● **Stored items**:
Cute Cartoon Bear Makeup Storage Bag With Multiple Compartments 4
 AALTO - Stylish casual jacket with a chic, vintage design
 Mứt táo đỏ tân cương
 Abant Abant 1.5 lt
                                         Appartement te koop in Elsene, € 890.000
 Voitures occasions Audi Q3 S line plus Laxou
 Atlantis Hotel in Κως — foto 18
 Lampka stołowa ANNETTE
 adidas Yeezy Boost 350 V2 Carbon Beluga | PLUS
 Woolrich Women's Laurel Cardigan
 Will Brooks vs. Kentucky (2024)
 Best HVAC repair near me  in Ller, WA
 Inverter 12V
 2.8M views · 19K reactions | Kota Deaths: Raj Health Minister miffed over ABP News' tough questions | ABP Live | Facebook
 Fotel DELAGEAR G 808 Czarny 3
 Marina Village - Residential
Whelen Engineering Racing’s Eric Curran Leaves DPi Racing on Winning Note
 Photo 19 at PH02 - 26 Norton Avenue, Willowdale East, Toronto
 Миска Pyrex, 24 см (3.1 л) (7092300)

● **WORK INSTRUCTIONS**: Reproduce exactly what appears from the line containing "2.8M views ·" down to the final line of the data.

● **OUTPUT**:
 2.8M views · 19K reactions | Kota Deaths: Raj Health Minister miffed over ABP News' tough questions | ABP Live | Facebook
 Fotel DELAGEAR G 808 Czarny 3
 Marina Village - Residential
Whelen Engineering Racing’s Eric Curran Leaves DPi Racing on Winning Note
 Photo 19 at PH02 - 26 Norton Avenue, Willowdale East, Toronto
 Миска Pyrex, 24 см (3.1 л) (7092300)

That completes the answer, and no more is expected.